The second mandala is the Samaya-mandala. "Samaya" is a Sanskrit word meaning "a coming together, and agreement." So Samaya-mandalas express the ontological unity underlying the diversity of all things in space-time as forms of Dainichi’s Dharma Body. Accordingly, every thing and event in the universe is a samaya or "coming together, and agreement" of this ontological unity -- all things and events are forms of Dainichi -- experienced from the perspective of Dainichi, as well as all Buddhas.8
The third mandala, the Dharma Mandala, is the same circle as the Mahamandala and the Samaya Mandala, but "viewed" as the sphere where "revelation" of absolute truth -- the Dharma -- takes place. Thus Dharma mandalas portray Dainichi Nyorai’s continual communication of the Dharma throughout all moments of space-time to all sentient and non-sentient beings. The universe is Dainichi’s "sound-body." Dharma mandalas represent the totality of the sound of the Dharma as Dainichi continually discloses or "preaches" it throughout the universe as depicted in "seed syllables" (Skt., bija; Jpa., shuji)written in Sanskrit letters.

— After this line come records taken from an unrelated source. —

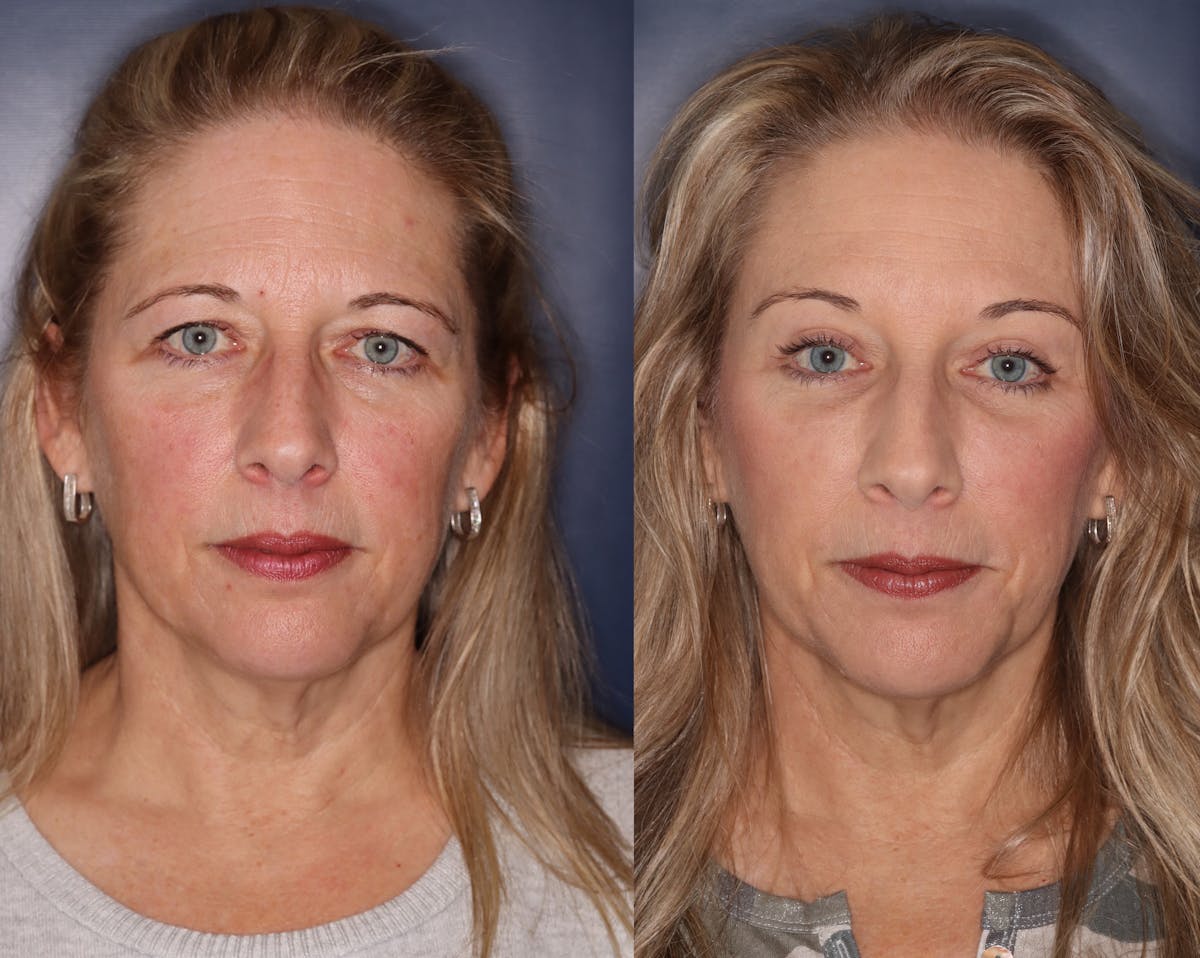 Brow lift Before & After Gallery - Patient 221255 - Image 1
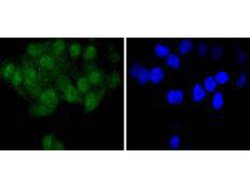 Invitrogen SHP2 Recombinant Rabbit Monoclonal Antibody (SN07-32) 100 &mu;L | Buy Online | Invitrogen&trade; | Fisher Scientific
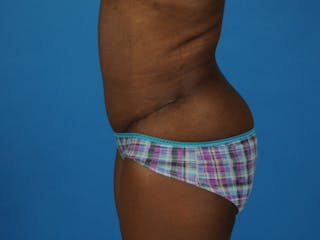 Tummy Tuck Before & After Gallery - Patient 217166 - Image 6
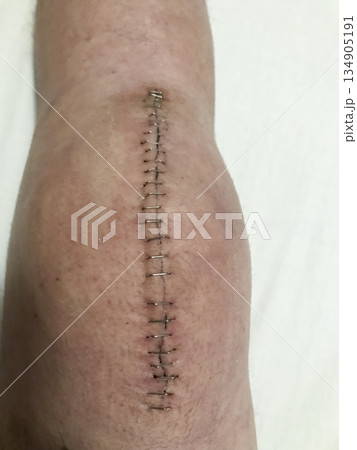A person's leg has a long scar from a recent surgery 134905191
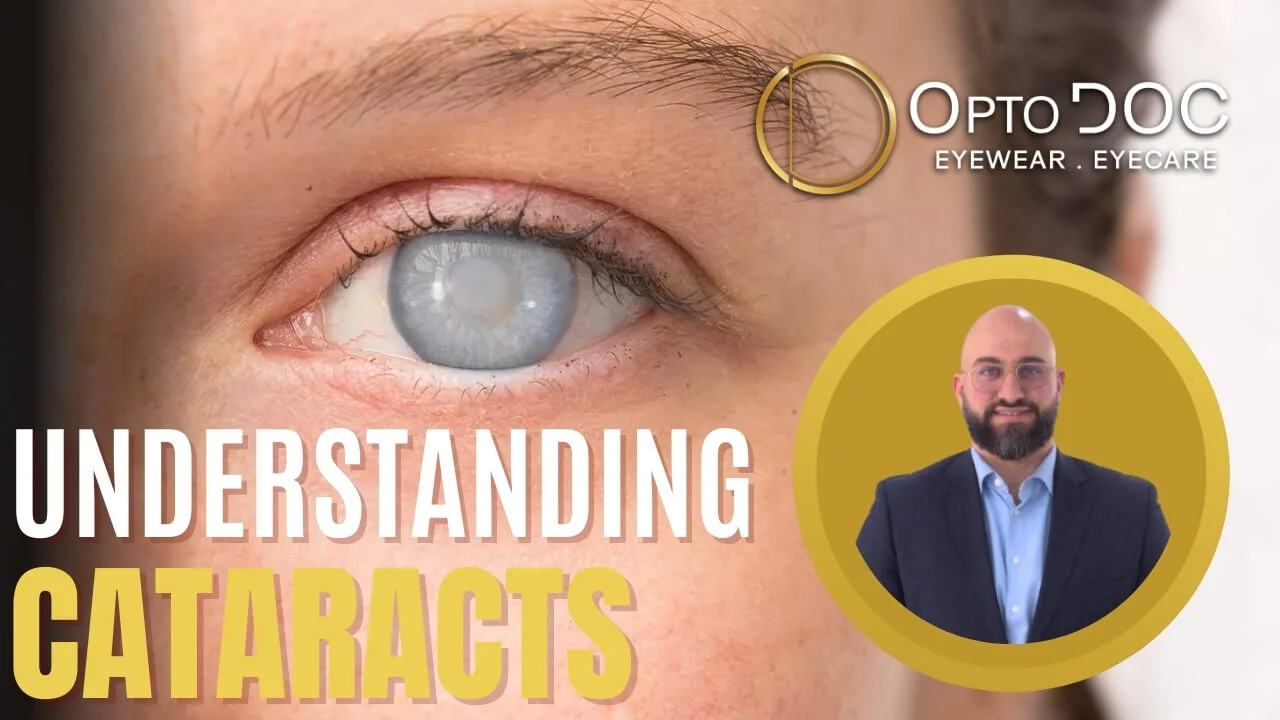 Understanding Cataracts Causes, Symptoms, and Treatment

Finally, Karma Mandalas are the same circle viewed from the perspective of Dainichi’s action in the realm of samsara. Since, as Kukai taught, all things and events, all transformations in the flux of nature, interpenetrate the actions of Dainichi’s Dharma Body, every change in any form or entity is simultaneously an action of Dainichi. Conversely, every action of Dainichi is simultaneously the action of all things and events in the universe.9
In summary, the Four Mandalas symbolize Dainichi Nyorai’s "extension, intention, communication, and action" (K 91). "Extension" is Dainichi’s compassionate wisdom; "communication" is his intended "self-revelation" as the "preaching of the Dharmakaya" in all things and events in space-time; and his "action" is all movement in the universe.
The third line of the stanza, "When the grace of the Three Mysteries is retained (our inborn three mysteries will) be quickly manifested," summarizes Kukai’s conception of esoteric Buddhist practice. In relation to Dainichi Nyorai, the Three Mysteries stand for suprarational activities or macrocosmic functions of Dainichi’s Body, Speech, and Mind at work in all things and events. Thus through the Mystery of Body, Dainichi’s suchness is incarnate within the patterns and forms of all natural phenomena; the Mystery of Speech refers to Dainichi’s continual "preaching" or "revelation" of the Dharma through every thing and event in space time; the Mystery of Mind refers to Dainichi’s own enlightened experience of the "suchness" of all natural phenomena as interdependent forms of the Dharmakaya.10 In this way, Kukai personified the Three Mysteries as interrelated forms of Dainichi’s enlightened compassion toward all sentient and nonsentient beings.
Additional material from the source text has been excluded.